Mike Rose at The American Scholar:
Our culture—in Cartesian fashion—separates the body from the mind, so that, for example, we assume that the use of a tool does not involve abstraction. We reinforce this notion by defining intelligence solely on grades in school and numbers on IQ tests. And we employ social biases pertaining to a person’s place on the occupational ladder. The distinctions among blue, pink, and white collars carry with them attributions of character, motivation, and intelligence. Although we rightly acknowledge and amply compensate the play of mind in white-collar and professional work, we diminish or erase it in considerations about other endeavors—physical and service work particularly. We also often ignore the experience of everyday work in administrative deliberations and policymaking. […]
True, many uses of writing are abbreviated, routine, and repetitive, and they infrequently require interpretation or analysis. But analytic moments can be part of routine activities, and seemingly basic reading and writing can be cognitively rich. Because workplace language is used in the flow of other activities, we can overlook the remarkable coordination of words, numbers, and drawings required to initiate and direct action.

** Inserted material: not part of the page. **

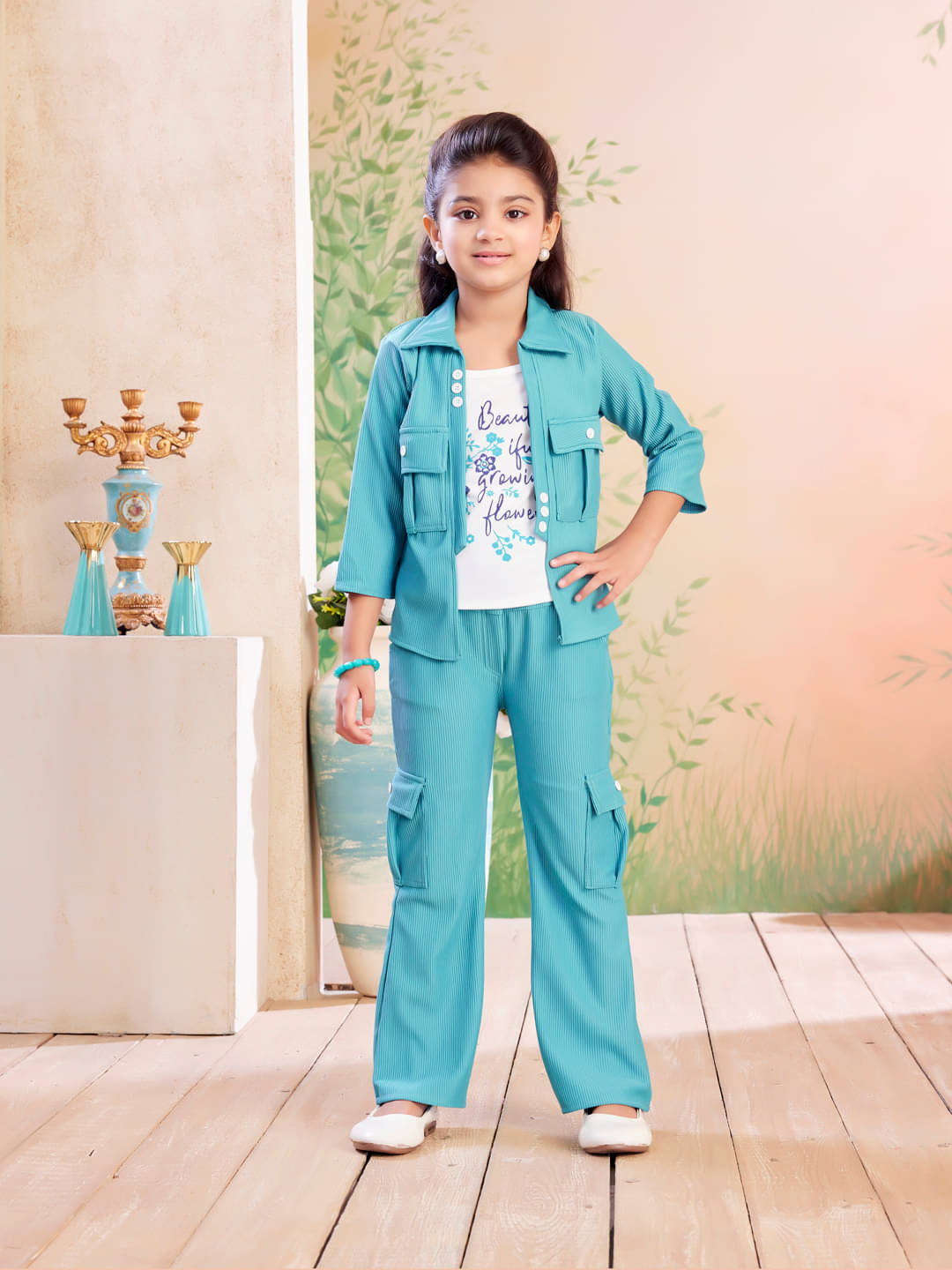     			Aarika Polyester Blend Solid Shirt With Trouser Co-Ord Set For Girls ( Green )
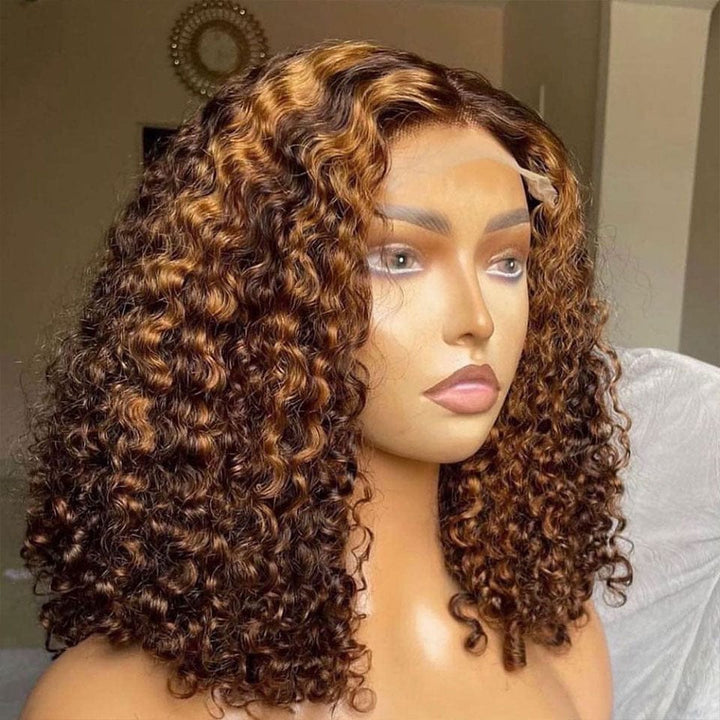 AILUXY Perruque Bob Deep Wave Brun Miel #4/27 | Fermeture en dentelle 4x4 pour un look naturel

If we believe everyday work to be mindless, then that will affect the work we create in the future. When we devalue the full range of everyday cognition, we offer limited educational opportunities and fail to make fresh and meaningful instructional connections among disparate kinds of skill and knowledge. If we think that whole categories of people—identified by class or occupation—are not that bright, then we reinforce social separations and cripple our ability to talk across cultural divides.
Affirmation of diverse intelligence is not a retreat to a softhearted definition of the mind. To acknowledge a broader range of intellectual capacity is to take seriously the concept of cognitive variability, to appreciate in all the Rosies and Joes the thought that drives their accomplishments and defines who they are. This is a model of the mind that is worthy of a democratic society.